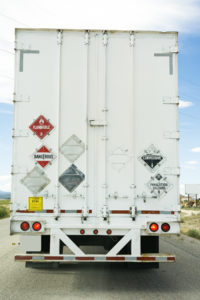 Rear of 18-wheeler trailer with hazardous materials signs displayed.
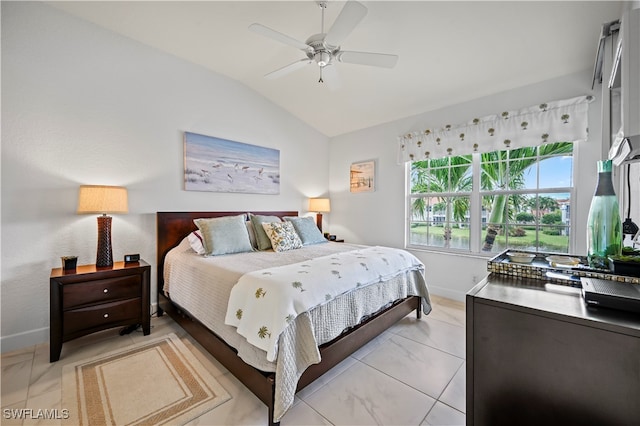 bedroom featuring ceiling fan and lofted ceiling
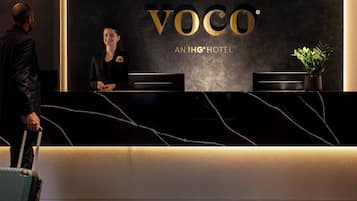 A reception desk with the 'VOCO' logo and 'AN IHG HOTEL' text, a receptionist, and a man with a suitcase.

▶ ABOUT THIS TASK:
Each line above should be returned exactly as it stands, minus any pictures.

▶ TASK SOLUTION:
 Rear of 18-wheeler trailer with hazardous materials signs displayed.
 bedroom featuring ceiling fan and lofted ceiling
 A reception desk with the 'VOCO' logo and 'AN IHG HOTEL' text, a receptionist, and a man with a suitcase.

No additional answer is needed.